Question: I am 66 and newly retired. I planned on staying in my apartment but am struggling to afford it because I live on just Social Security and a small amount of savings. I’m pretty independent and would like to be around other people my age. What housing options are there?

Answer: Many people look forward to retirement but may be surprised by the lifestyle changes that can accompany it, including continuing to pay rent or a mortgage. Housing is expensive in many areas in New England, and prices have soared over the last two years.  

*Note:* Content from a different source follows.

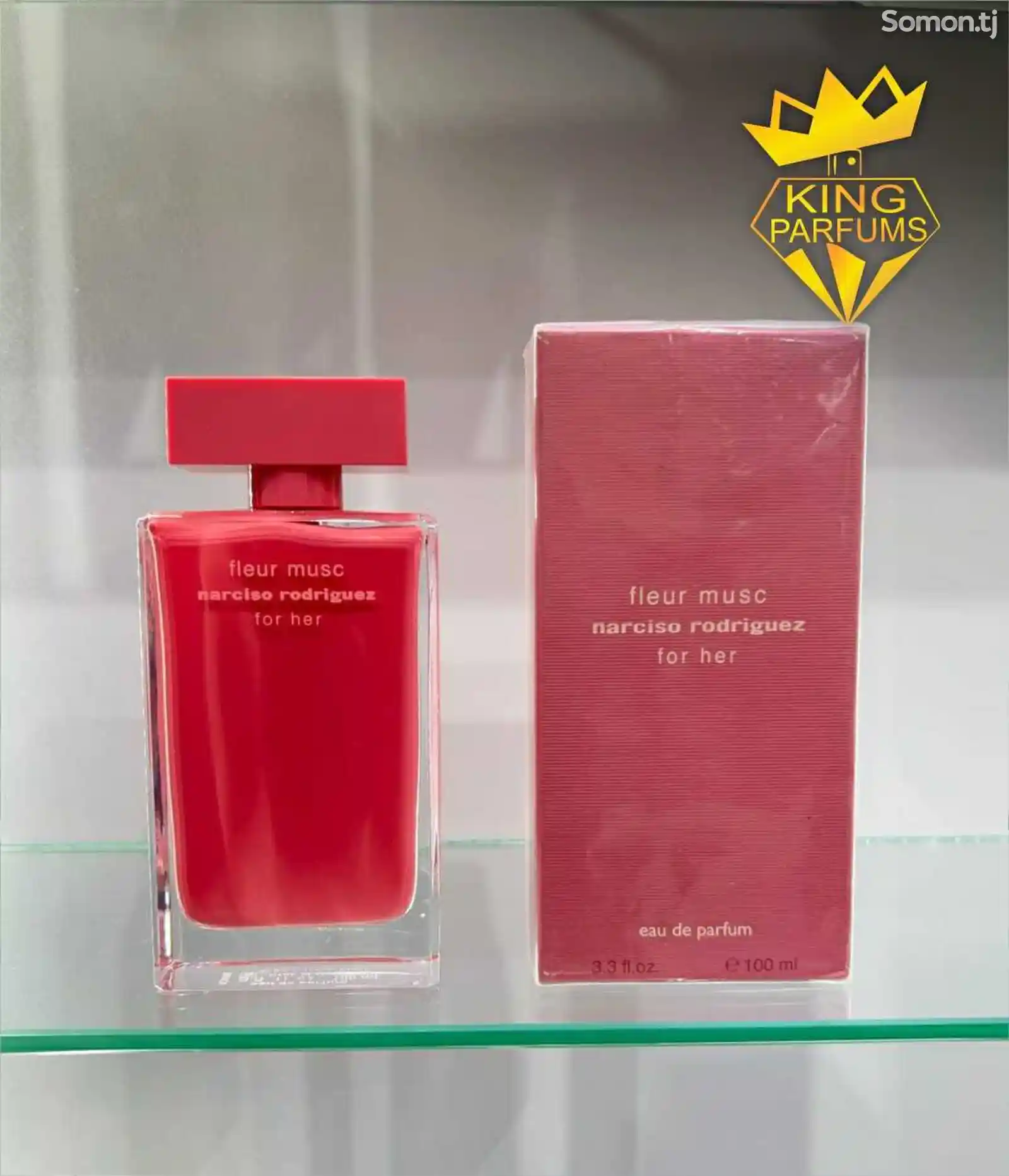Парфюм Narciso Rodriguez Fleur Musc for Her-2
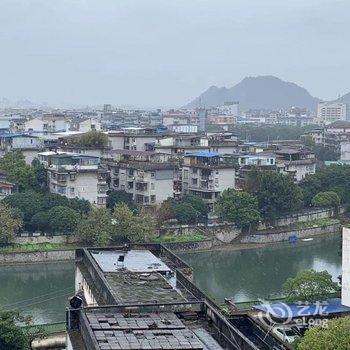 喆啡酒店(桂林高铁站象山景区两江四湖店)酒店提供图片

Check local real estate listings in online and print publications. And consider acquiring a roommate to share expenses, if your apartment includes a spare bedroom. At AgeSpan, we can review your housing options, free of charge. One of our care managers can work with you to explore what’s available in the area we serve. Some possibilities include:

  • Assisted living facilities offer a private, apartment-style setting with 24-hour monitoring and support. These settings provide help with activities of daily living (bathing, dressing, grooming), meal preparation, housework, laundry, and transportation. Certified by the Commonwealth of Massachusetts, their cost can vary, depending upon your need for supplemental services.
  • Congregate housing provides independent living with supplemental services, within public housing. Residents have their own bedrooms and sometimes share a bathroom, kitchen, and living/gathering space. This choice suits people who enjoy the companionship and socialization of their peers but do not require 24-hour monitoring or care. Many provide meal preparation, home care services, and transportation for an additional fee. Most congregate housing sites range from four to 20 units in size.
  • Adult housing is managed by local housing authorities or private companies. To live in these properties, people must be older adults or people with disabilities and meet the required income guidelines. The amount of rent they pay is based on their income. Residents can arrange to receive a variety of support services if they need these.
  • Supportive housing provides older adults and others with the opportunity to live in a public or private setting with independence and safety. A Resident Service Coordinator is available on-site to help manage any supports people need. Some residents may also qualify for home care services. A team of care managers and nurses works closely with caregivers, families, and community agencies to coordinate and monitor care plans to meet eligible residents’ needs. AgeSpan partners with 11 supportive sites.

Be aware that many housing sites, public and private, have lengthy waiting lists. Some settings take years before an opening occurs, so take action as soon possible to focus your choices.